Global well-posedness of the variable-order fractional wave equation with variable exponent nonlinearity

Abstract

In this paper, we conduct a comprehensive study of the global well-posedness of solution for a class of nonlocal wave equations with variable-order fractional Laplacian and variable exponent nonlinearity by constructing a suitable framework of the variational theory. We first prove the local-in-time existence of the weak solution via the Galerkin approximation technique and fixed point theory. Then by constructing the potential well theory, we classify the initial data leading to the global existence and finite time blowup of the solution for three different initial energy cases, that is, subcritical initial energy case, critical initial energy case, and supercritical initial energy case. For the subcritical and critical initial energy cases, we show that the solution exists globally in time when the initial data belong to the stable manifold and blows up in finite time when the initial data belong to the unstable manifold.

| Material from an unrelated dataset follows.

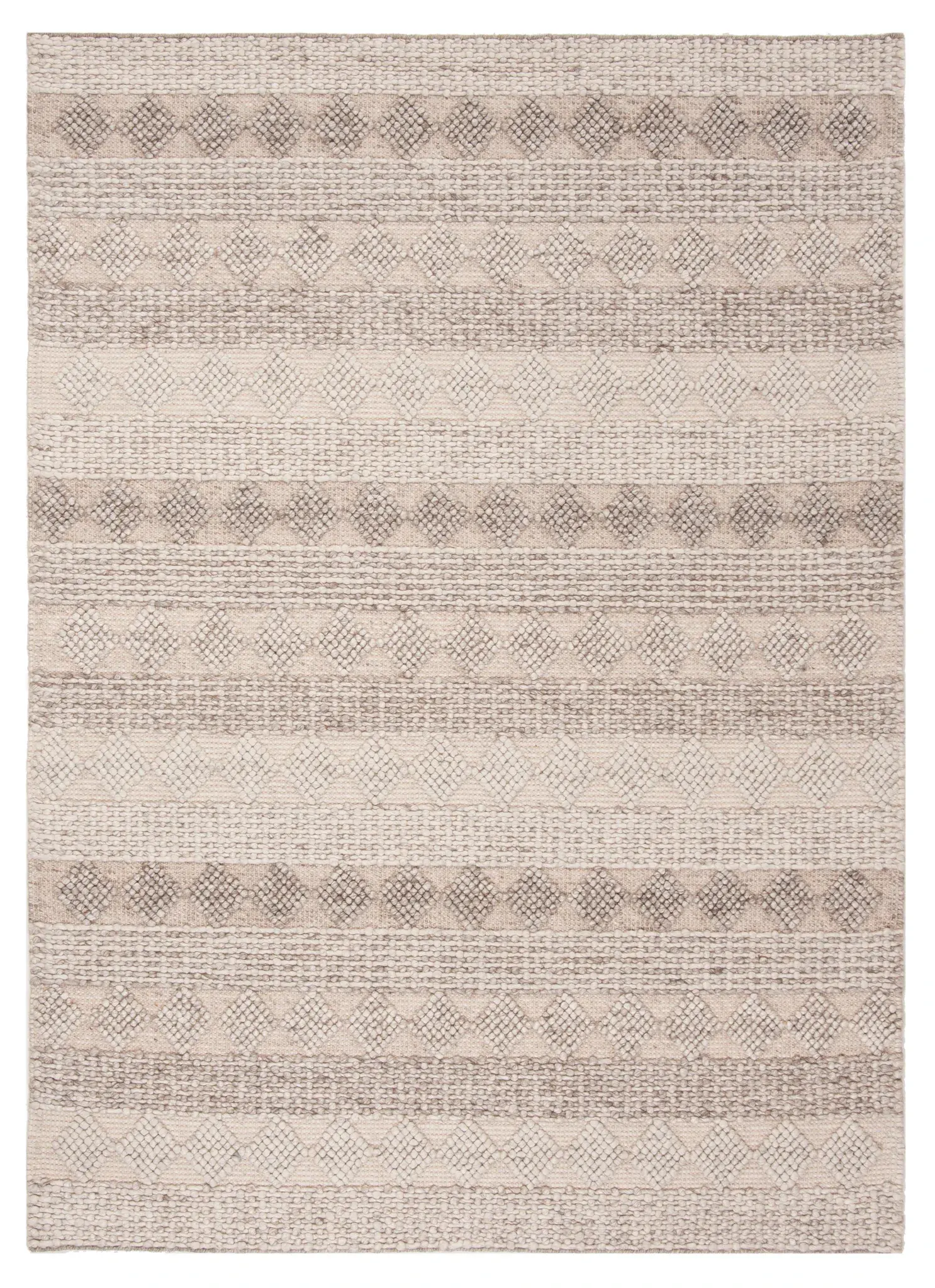 Natura Diamond Row Stripe Hand-Loomed Wool Rug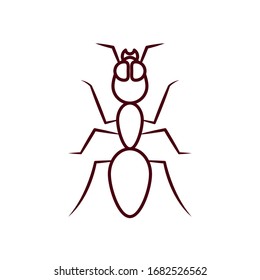 ant icon over white background, line style, vector illustration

For the supercritical initial energy case, we observe some initial conditions that enable the finite time blow-up solution by an adapted concavity method, and the issue of global existence still remains unsolved. As a further study of finite time blowup, we estimate the upper and lower bounds of blow-up time by using different strategies, that is, applying some first-order differential inequality regardless of the different initial energy levels, to give a unified expression for the lower bound estimation for three initial energy levels. For the upper bound estimation, we utilize two second-order differential inequalities influenced by the different energy levels to give the upper bound estimations of the blow-up time at each initial energy level.